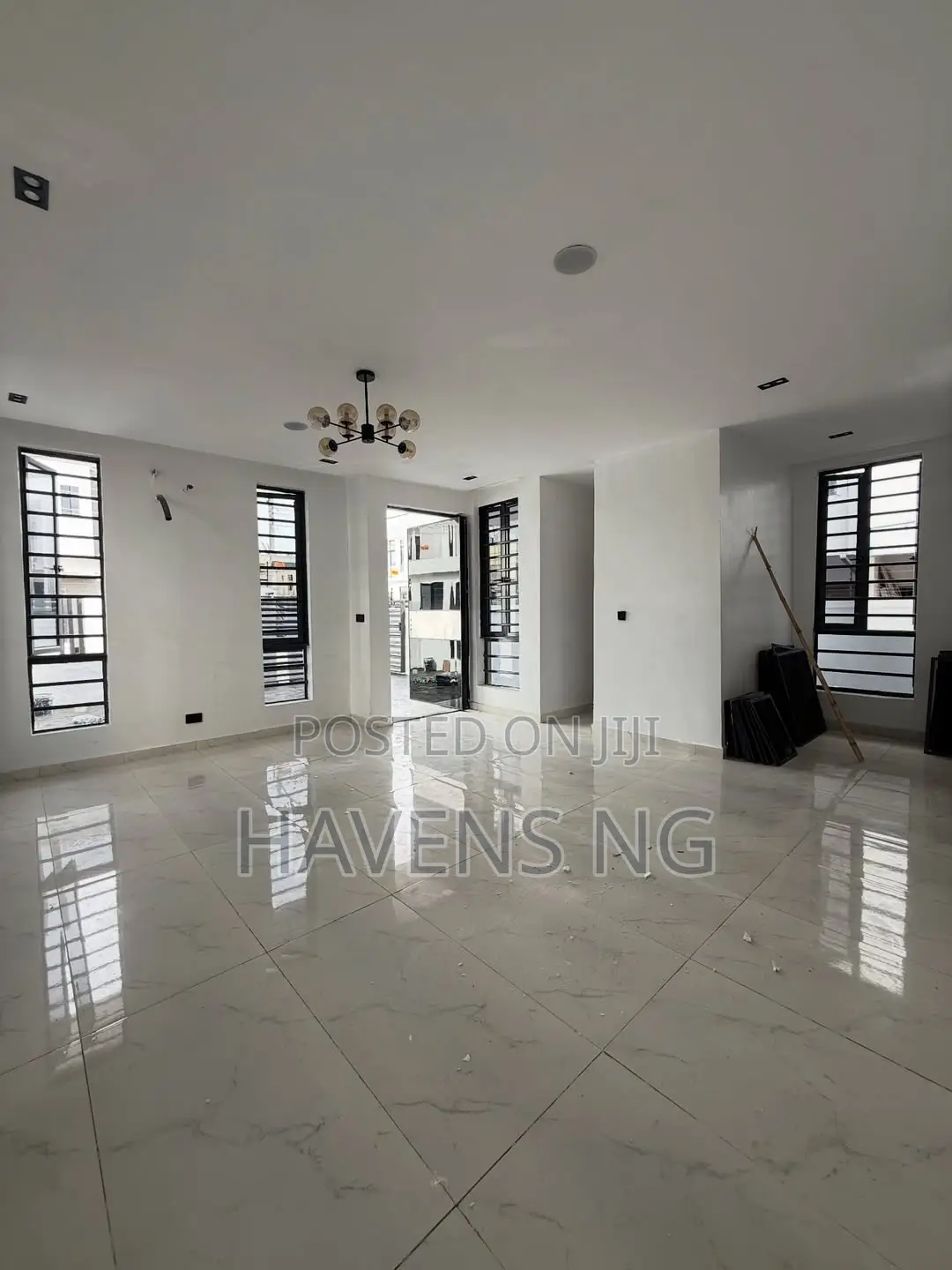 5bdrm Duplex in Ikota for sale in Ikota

...

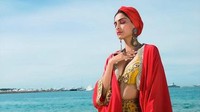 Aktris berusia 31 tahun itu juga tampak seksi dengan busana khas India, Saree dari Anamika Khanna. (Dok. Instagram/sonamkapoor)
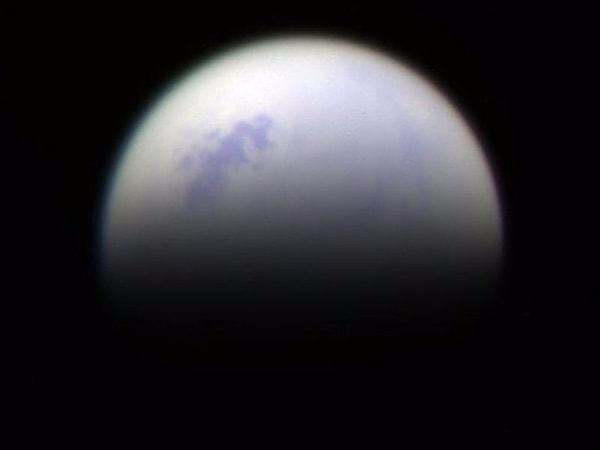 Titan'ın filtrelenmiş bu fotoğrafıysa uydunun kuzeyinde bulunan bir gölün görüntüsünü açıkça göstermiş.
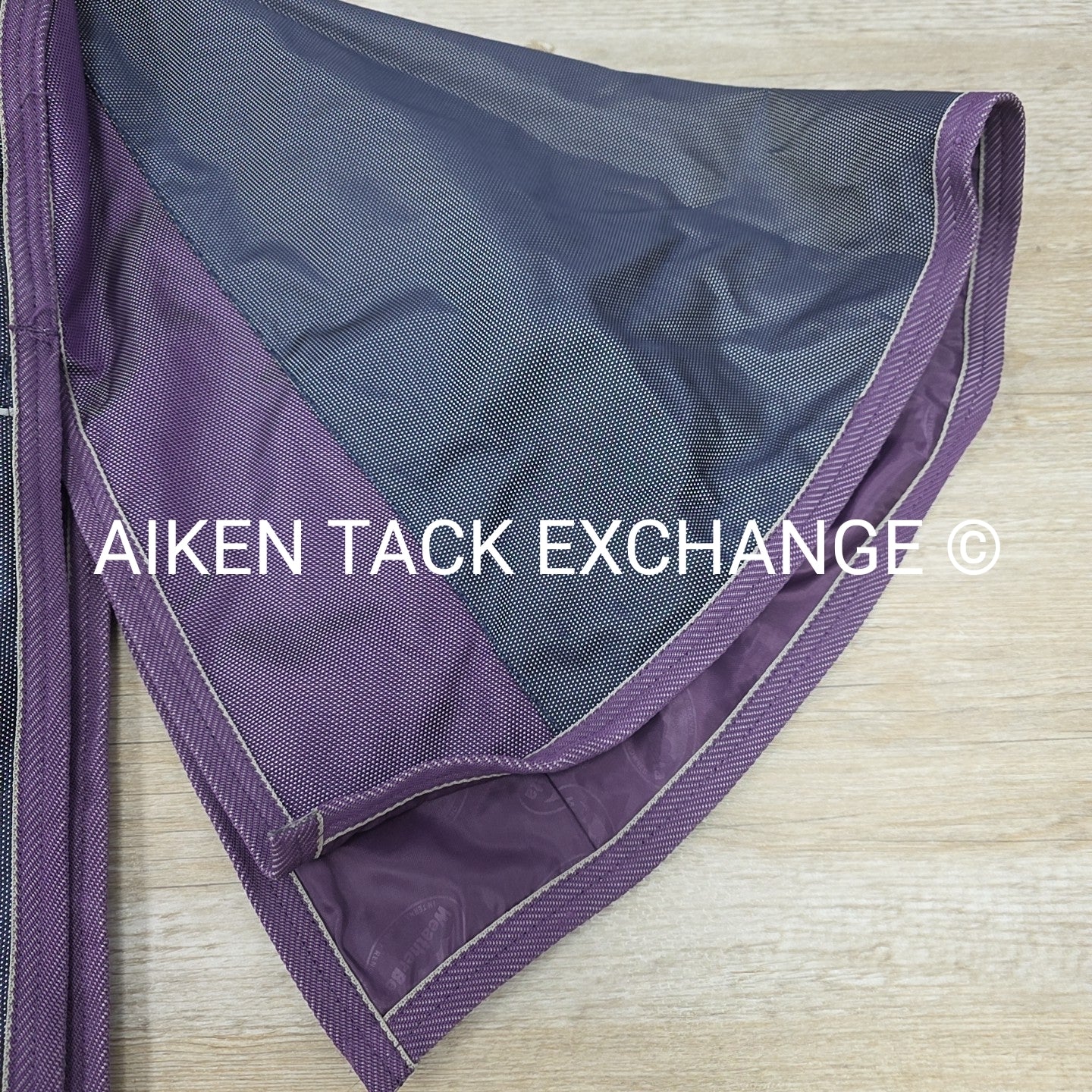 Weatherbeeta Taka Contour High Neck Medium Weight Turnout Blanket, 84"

• Activity: Go back to the listing above and write out the lines starting at the one with "Titan'ın filtrelenmiş bu" and ending at the one with "Weatherbeeta Taka Contour", inclusive, exactly and without pictures.

• Response to the task:
 Titan'ın filtrelenmiş bu fotoğrafıysa uydunun kuzeyinde bulunan bir gölün görüntüsünü açıkça göstermiş.
 Weatherbeeta Taka Contour High Neck Medium Weight Turnout Blanket, 84"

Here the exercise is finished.